Exercise
Give back the data exactly, with no images.

Stored data
************
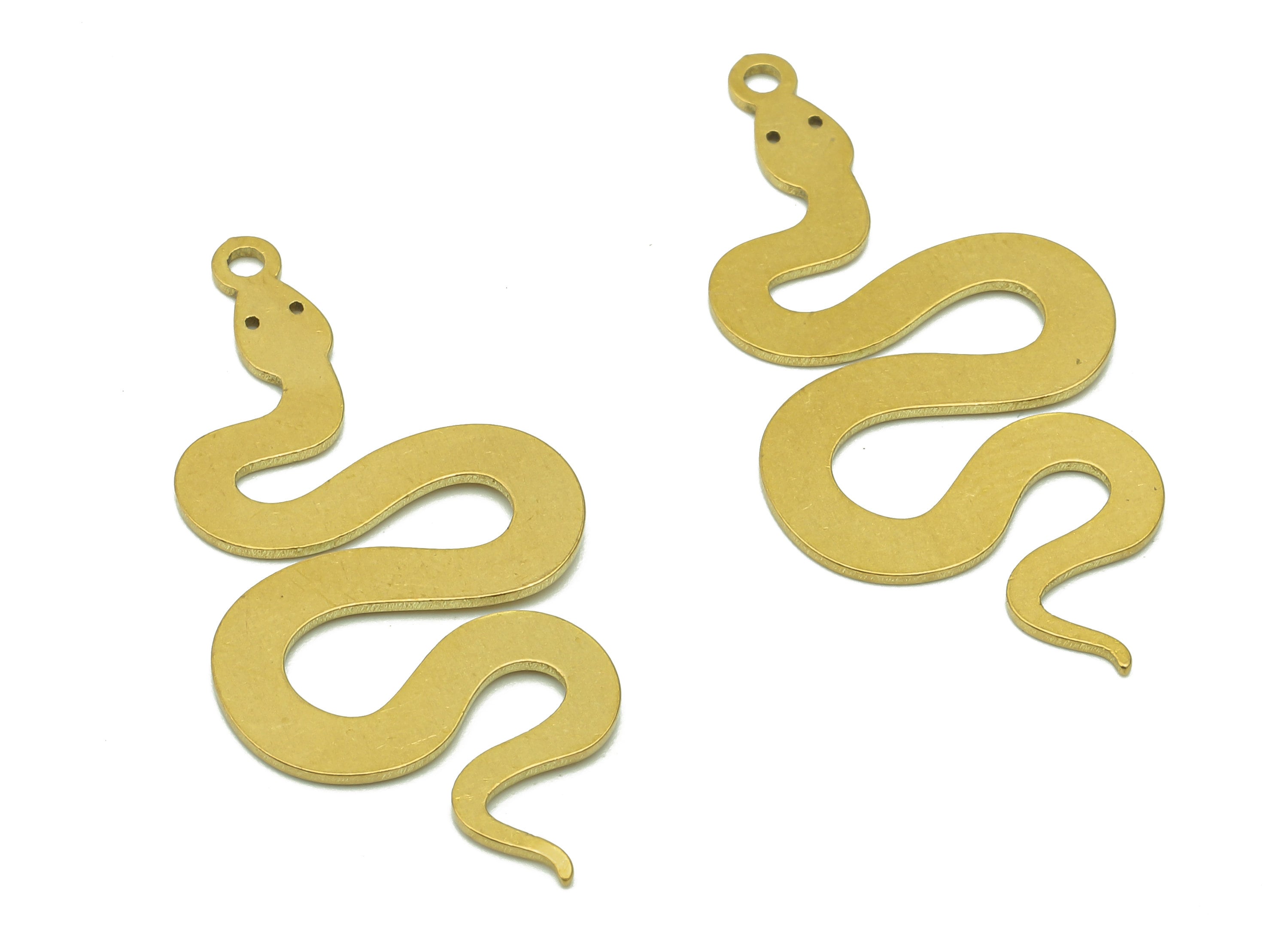 Brass Snake Earring Charms - Raw Brass Snake Earring - Pendant With Loop - Stamping Blank Snake Charm - 36x16.2x0.6mm - PPZ0183 - DOMEDBAZAAR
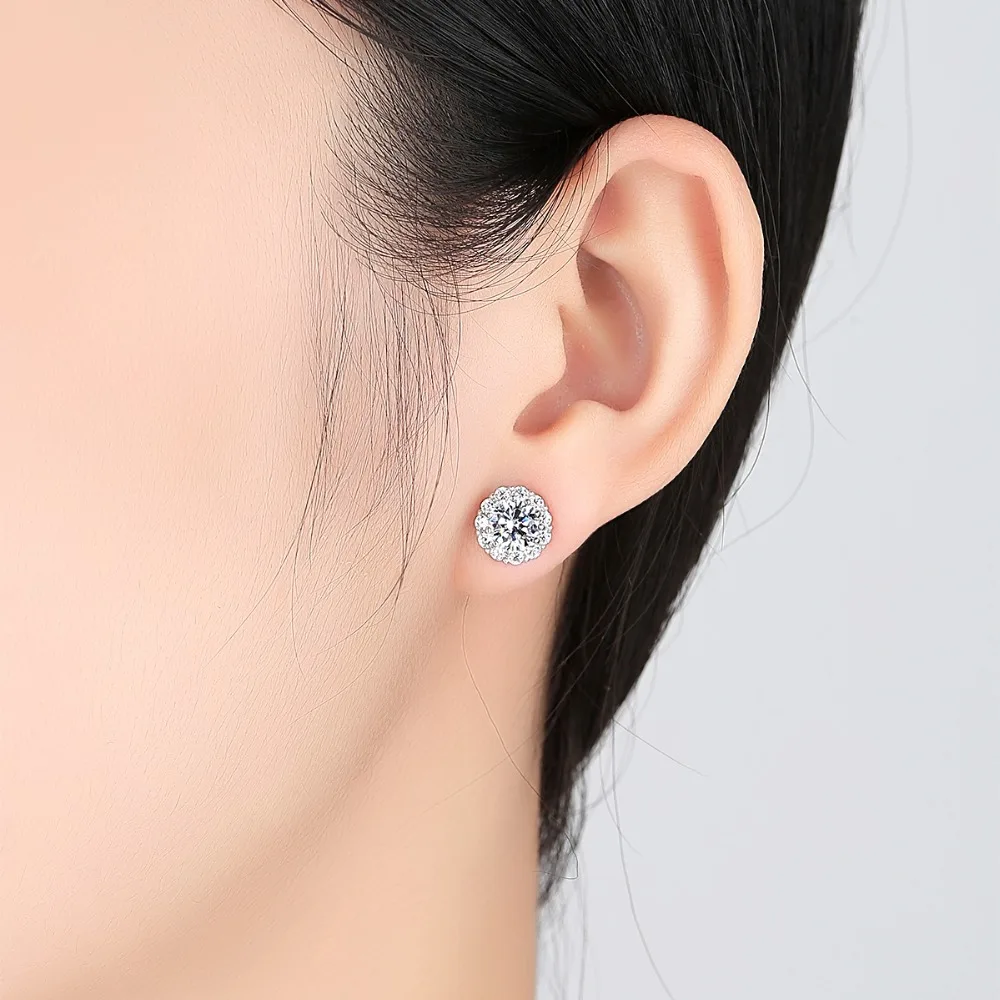 Pinannie натуральная 925 стерлингового серебра серьги стержня для Для женщин |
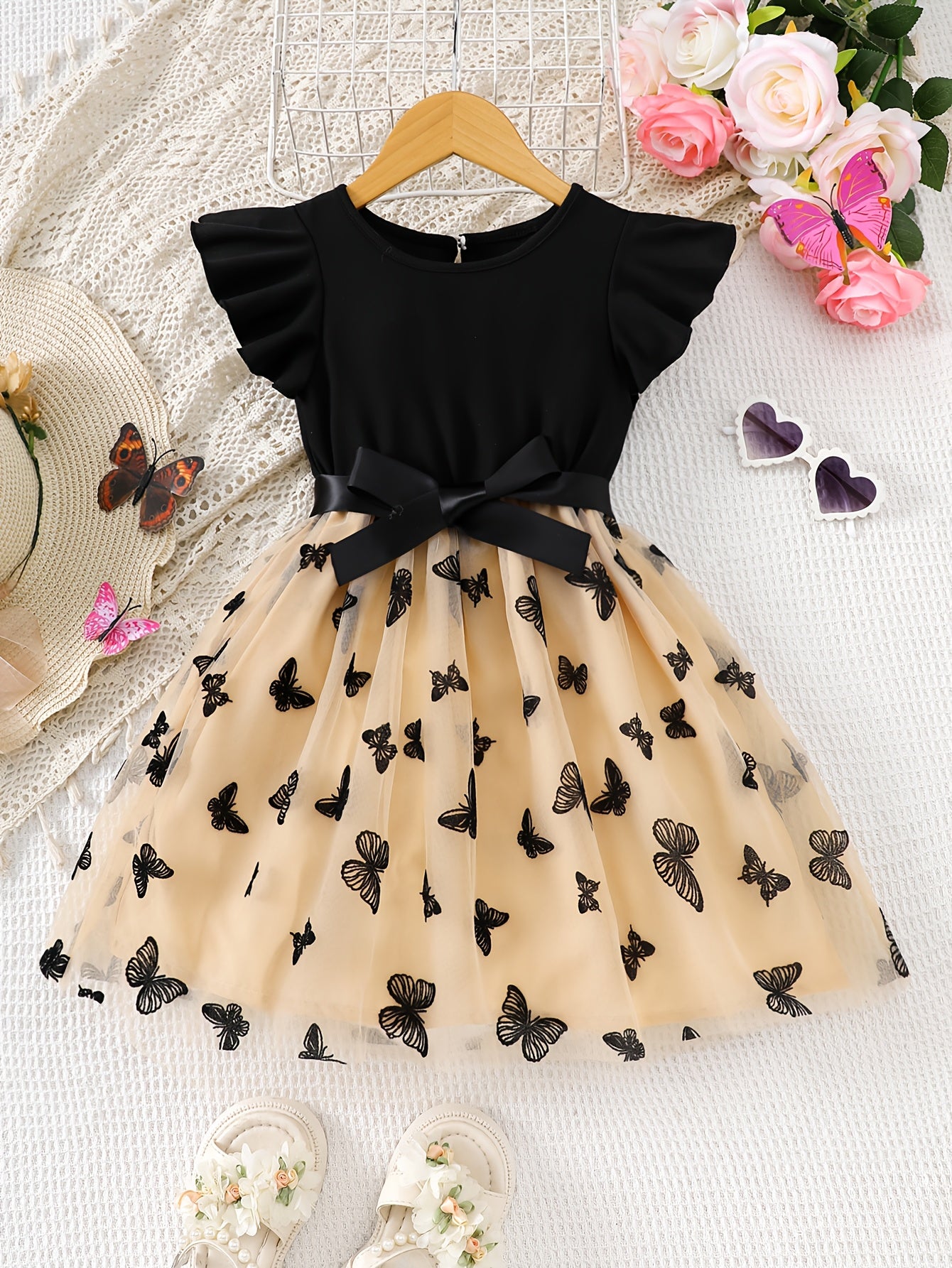 Girls' Casual Polyester Dress with Butterfly Tulle Overlay Ruffle Sleeves Crew Neck for Spring Summer Fall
************
Answer section
 Brass Snake Earring Charms - Raw Brass Snake Earring - Pendant With Loop - Stamping Blank Snake Charm - 36x16.2x0.6mm - PPZ0183 - DOMEDBAZAAR
 Pinannie натуральная 925 стерлингового серебра серьги стержня для Для женщин |
 Girls' Casual Polyester Dress with Butterfly Tulle Overlay Ruffle Sleeves Crew Neck for Spring Summer Fall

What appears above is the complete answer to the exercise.